19/06/2019

Max Payne

"He was trying to buy more sand for his hourglass. I wasn't selling any."




I don't count how many times I've said this or that, but if I did, I'd have lost count of how often I said something like "it's a game that really sticks out, and I've wanted to play it, but never have". Slow-mo shooter Max Payne is part of that count.

Max is a New York cop, and New York is a frozen Hell hole full of criminals, and you're going to do something about it. I'm not sure what yet, but the funny faces and the comic strips and the film noir voiceovers will probably point it out in due course.




Fun Times


If you, like I, have never played Max Payne before, there's a chance you'll know a thing or two about it. The first thing to note is likely its 'bullet-time' mechanic, which you'll no doubt know as being popularised by The Matrix.




The second thing you'll probably know is that the story is delivered to you via graphic novel style panels, depicting the developers, their friends, families... whoever else was cheap enough to fill the role... as characters from this cold New York.

These cutscenes aren't even jarring to look at, because the in-game models for these folks are also textured with high-resolution textures of real people. Just a few days ago, I was admiring Return to Castle Wolfenstein's character models, but Max Payne blows them out of the water.

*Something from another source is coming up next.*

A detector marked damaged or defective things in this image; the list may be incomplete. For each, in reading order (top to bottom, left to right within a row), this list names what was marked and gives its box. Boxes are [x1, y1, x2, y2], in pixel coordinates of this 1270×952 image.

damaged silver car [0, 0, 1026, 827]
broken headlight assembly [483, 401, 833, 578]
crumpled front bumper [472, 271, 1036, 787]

Uh... well... when I say that, I mean... 

Look, Max looks a little weird, a little goofy, but he looks like a human. A cube headed human. Alright, it looks weird, but it's a style, and we're going with it.




Max returns to his strangely proportioned home one night to find signs of trouble. The walls are marked with graffiti, and sounds are coming from upstairs.




Things do not look good. Blood stains the bathroom walls, your wife screams next door, your baby cries, and two drugged up intruders make their presence known.




You were too late, and your life will never be the same again. Are we film noir-y enough for you get? Is this gritty graphic novel doing it for you? It looks like they set a high bar for themselves and desperately tried to reach it with what they had available to them, but give these developers their due, Max Payne has a look.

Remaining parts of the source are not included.